_Extracted information_.
◆ ◆ ◆ ◆ ◆

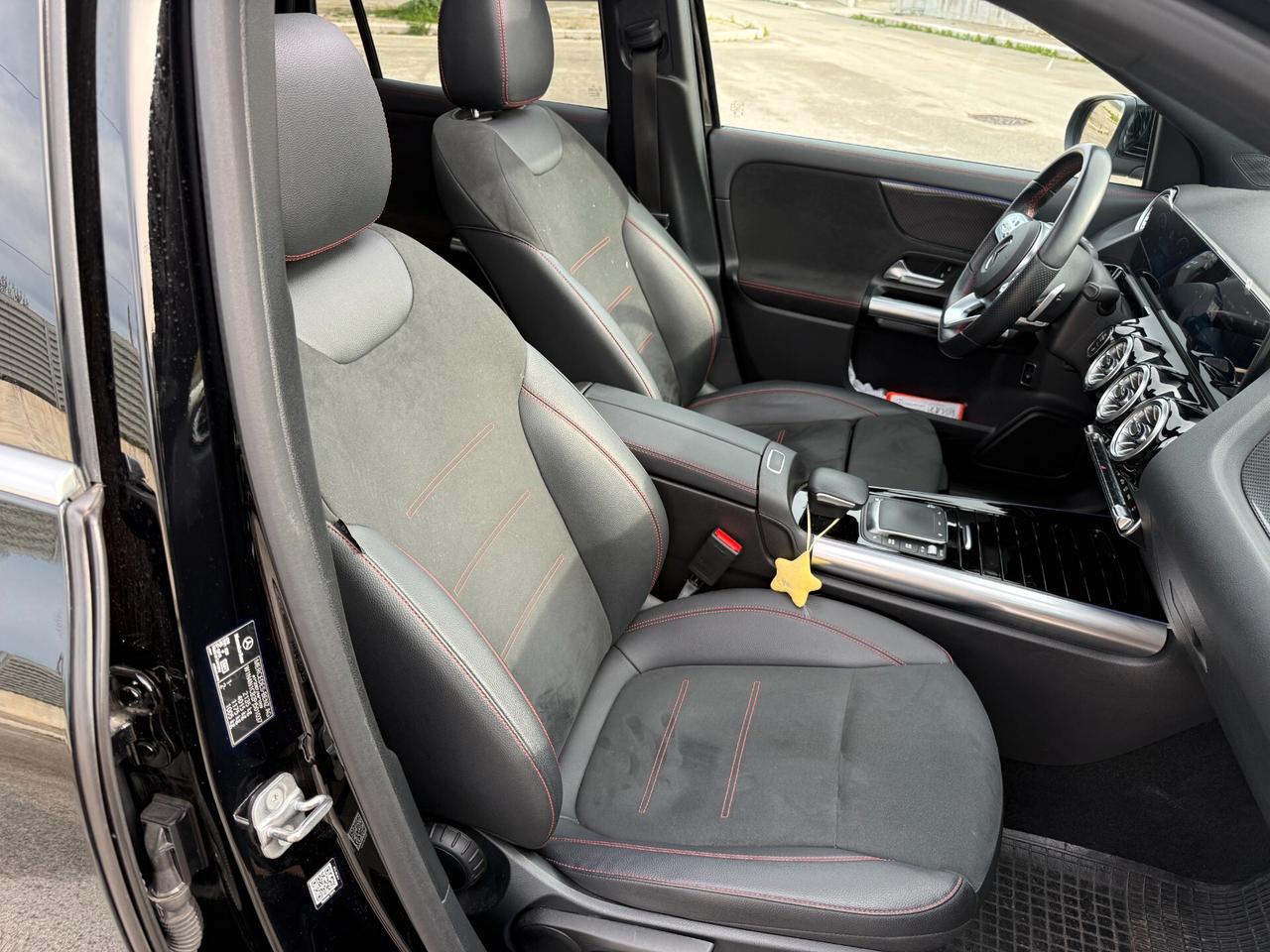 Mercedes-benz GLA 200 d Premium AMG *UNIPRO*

◆ ◆ ◆ ◆ ◆

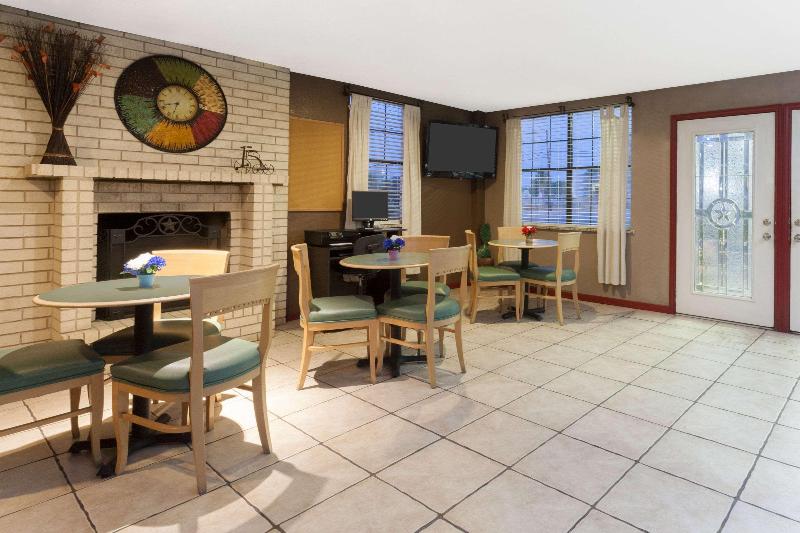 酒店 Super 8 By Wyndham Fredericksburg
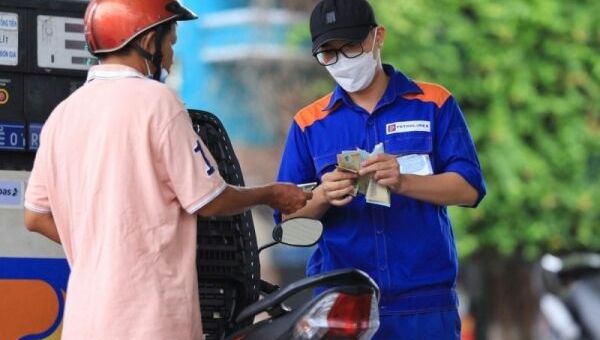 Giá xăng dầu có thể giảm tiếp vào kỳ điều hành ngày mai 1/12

◆ ◆ ◆ ◆ ◆

_Aim of the task_. Reproduce, exactly and only, the lines of the records above starting at the line with "酒店 Super 8 By Wyndham Fredericksburg" and ending at the line with "Giá xăng dầu", both included. Leave every picture out.

_Worked solution_.
 酒店 Super 8 By Wyndham Fredericksburg
 Giá xăng dầu có thể giảm tiếp vào kỳ điều hành ngày mai 1/12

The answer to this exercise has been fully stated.